# Task requirements
Copy the lines below as they are; omit the images they contain.

# Information provided
━━━━━━━━━━

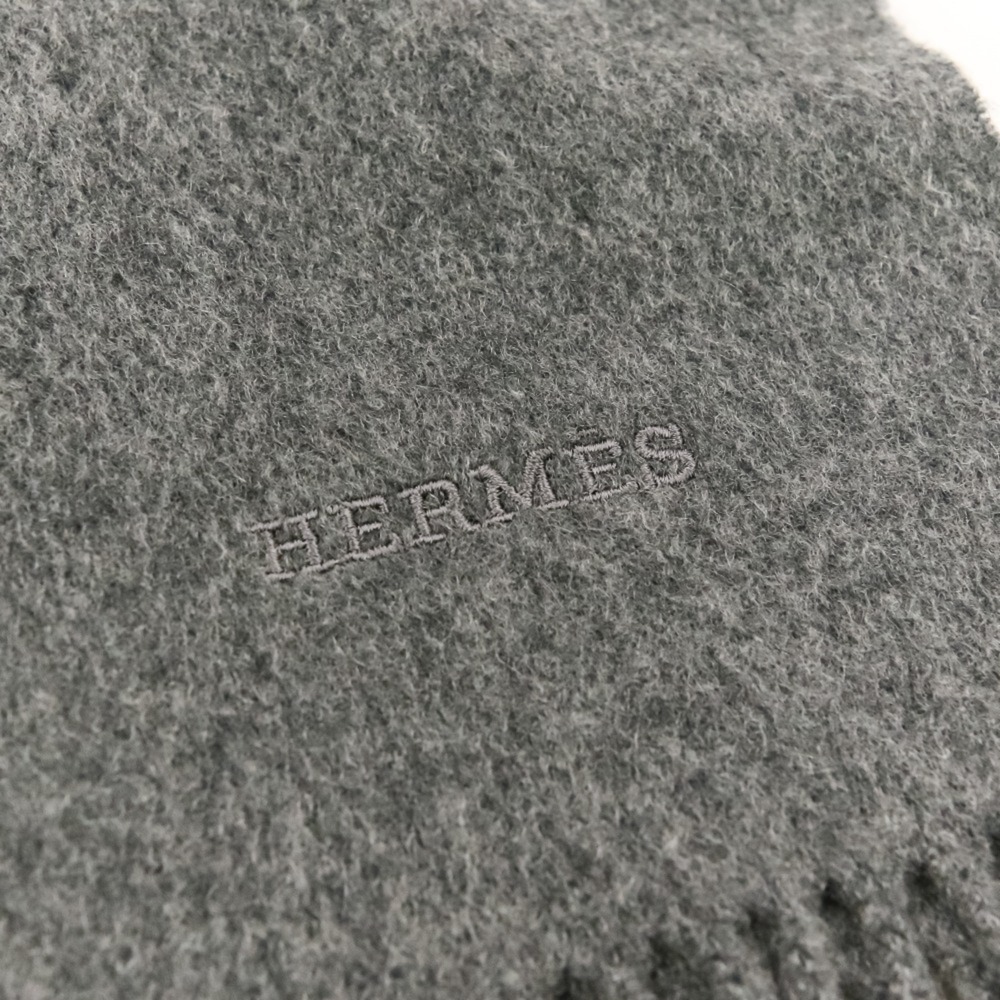 Hermes 100% Cashmere Fringe Large Stole/Scarf, Gray, Women's - Picture 7 of 8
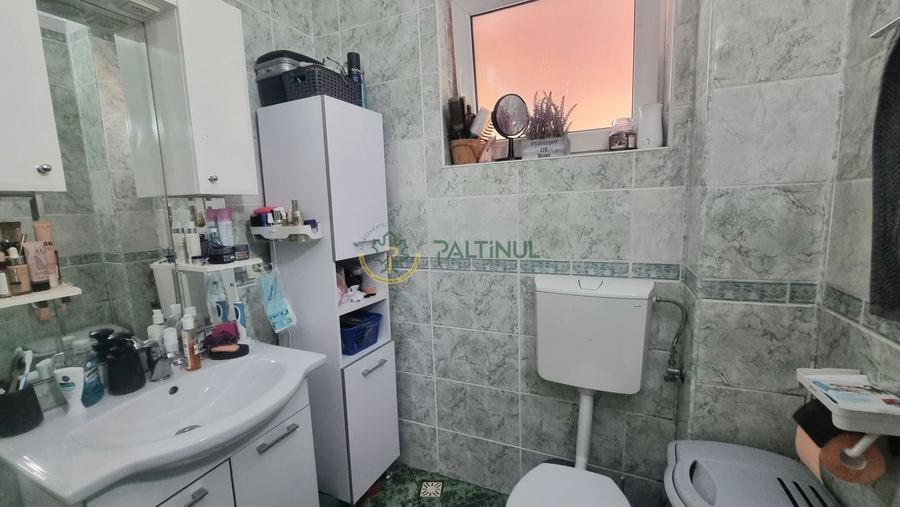 Casă individuală cu 8 camere cu Canalizare în Șelimbăr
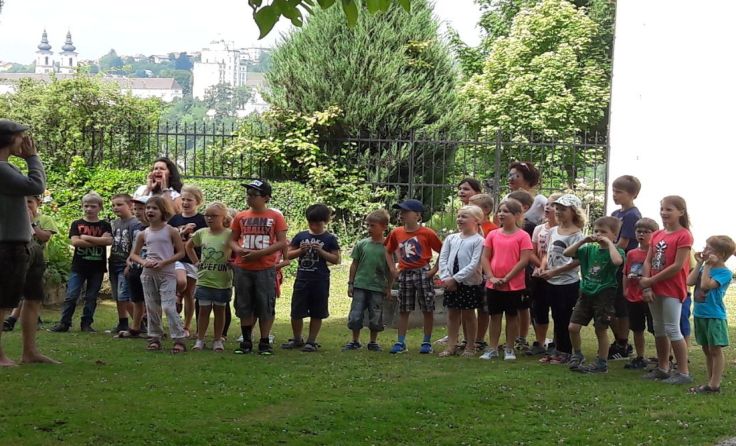 Auftritt der Musikvolksschule Klaus bei der Landesgartenschau Kremsmünster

━━━━━━━━━━

# Worked solution
 Hermes 100% Cashmere Fringe Large Stole/Scarf, Gray, Women's - Picture 7 of 8
 Casă individuală cu 8 camere cu Canalizare în Șelimbăr
 Auftritt der Musikvolksschule Klaus bei der Landesgartenschau Kremsmünster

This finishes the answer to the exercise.